Exactly repeat all the records below, omitting the images they hold.

Extracted entries START

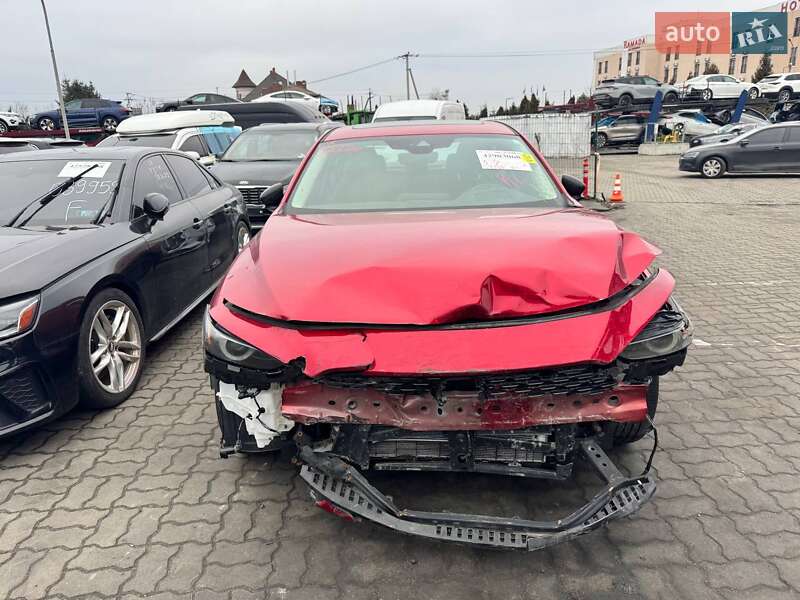 Седан Mazda 3 2022 в Львове
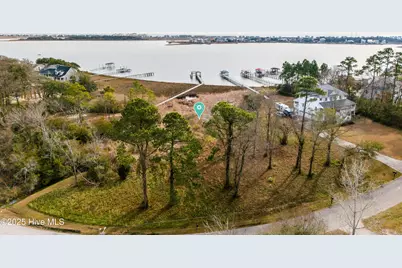 1065 Chadwick Shores Drive, Sneads Ferry, NC 28460 - Photo 10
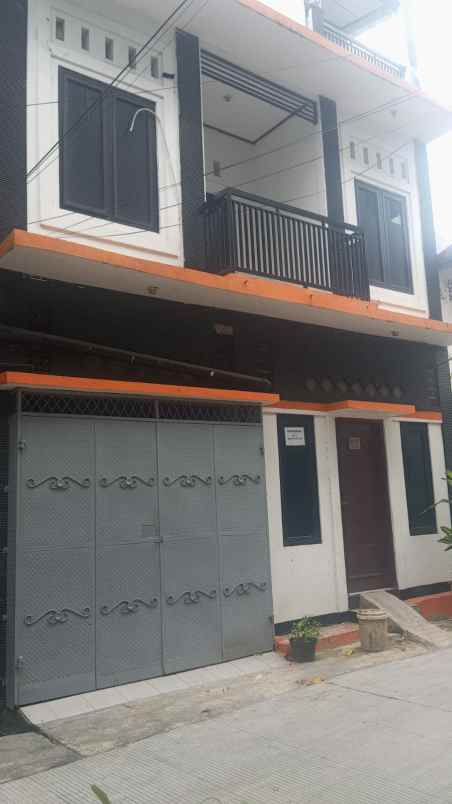 disewakan rumah serdang
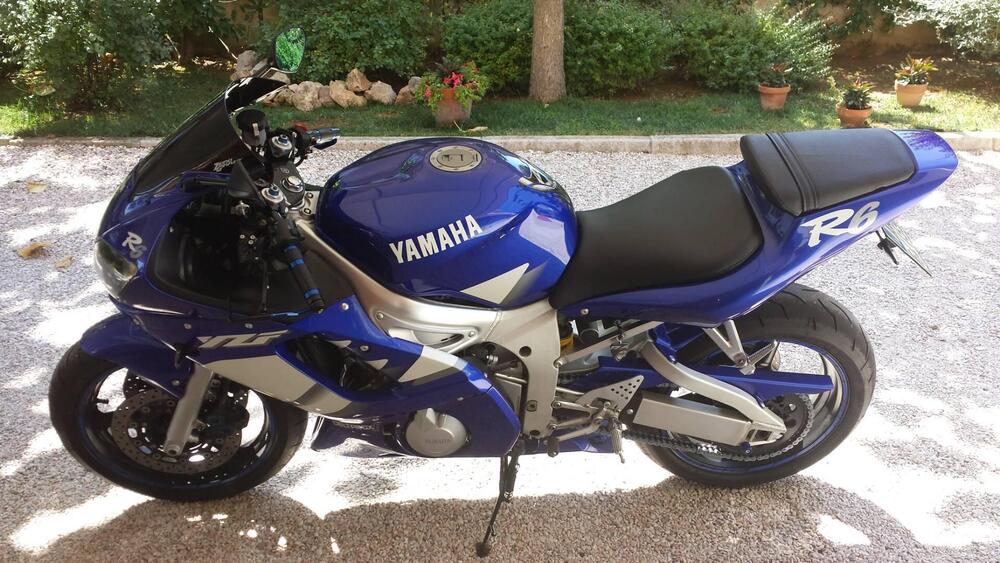 Yamaha YZF R6 (1999 - 00) (4)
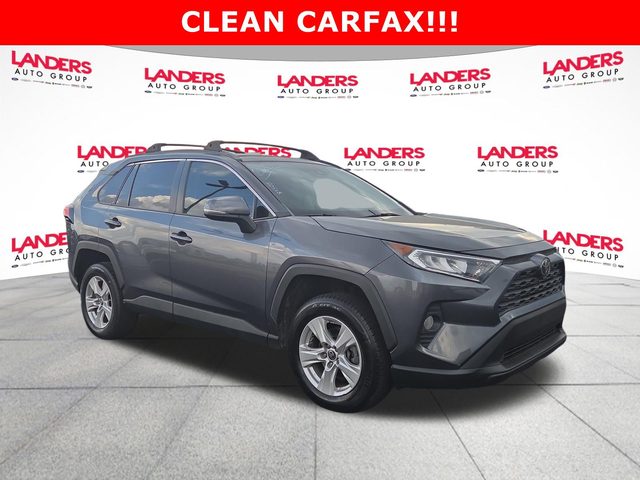 2020 Toyota RAV4 XLE FWD photo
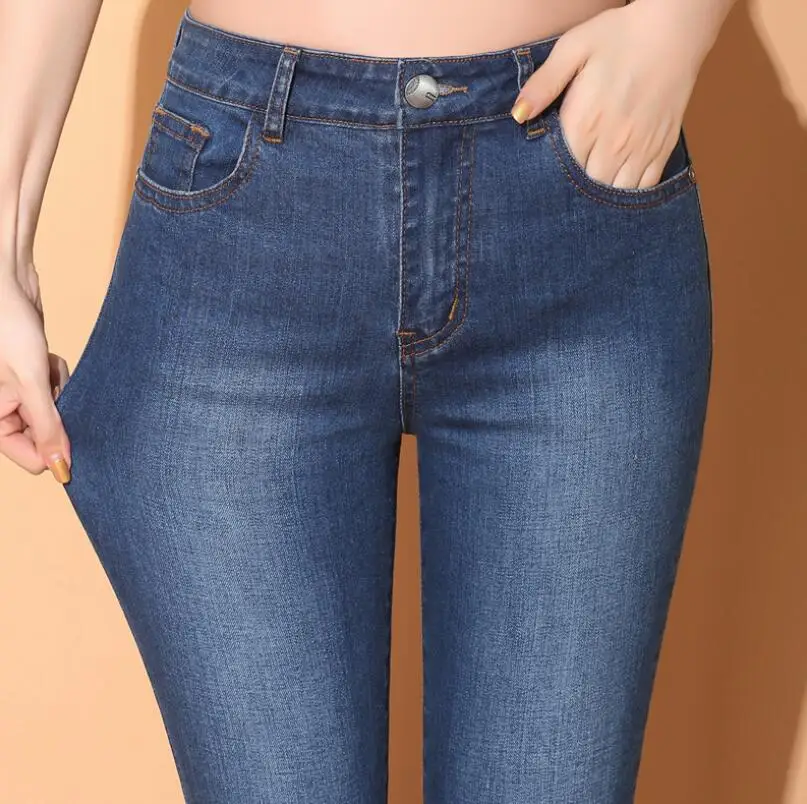 2018 осень-зима женские джинсовые Штаны Мода цветок вышивка джинсы клеш Штаны женские большие размеры повседневные штаны p717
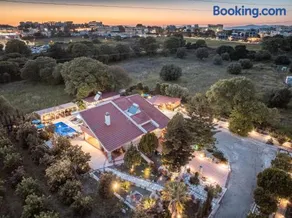 Artzy Villa - Image 1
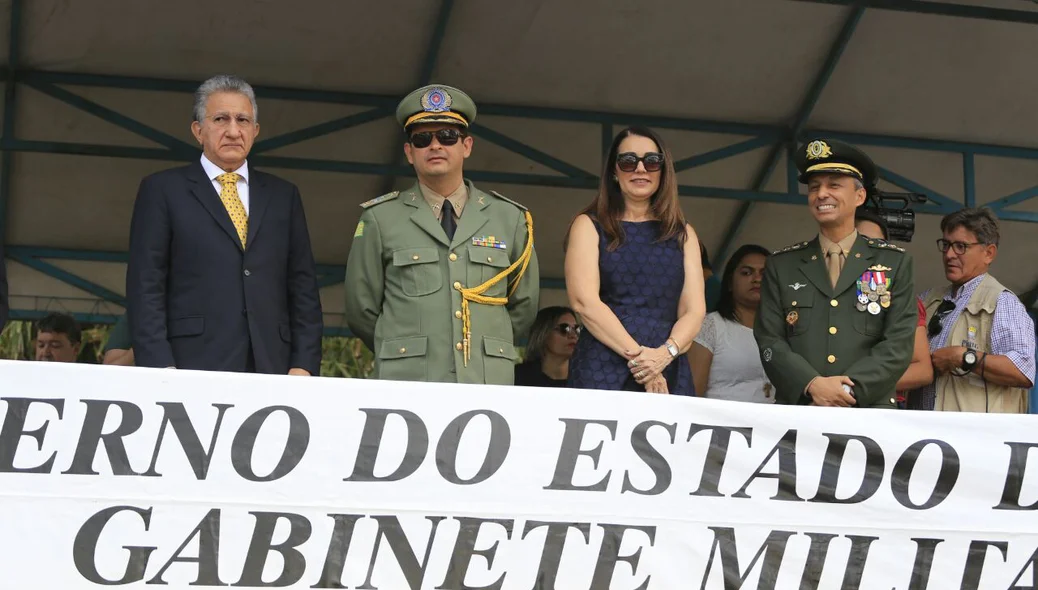 Autoridades acompanham desfile cívico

Extracted entries END

Finished task »
 Седан Mazda 3 2022 в Львове
 1065 Chadwick Shores Drive, Sneads Ferry, NC 28460 - Photo 10
 disewakan rumah serdang
 Yamaha YZF R6 (1999 - 00) (4)
 2020 Toyota RAV4 XLE FWD photo
 2018 осень-зима женские джинсовые Штаны Мода цветок вышивка джинсы клеш Штаны женские большие размеры повседневные штаны p717
 Artzy Villa - Image 1
 Autoridades acompanham desfile cívico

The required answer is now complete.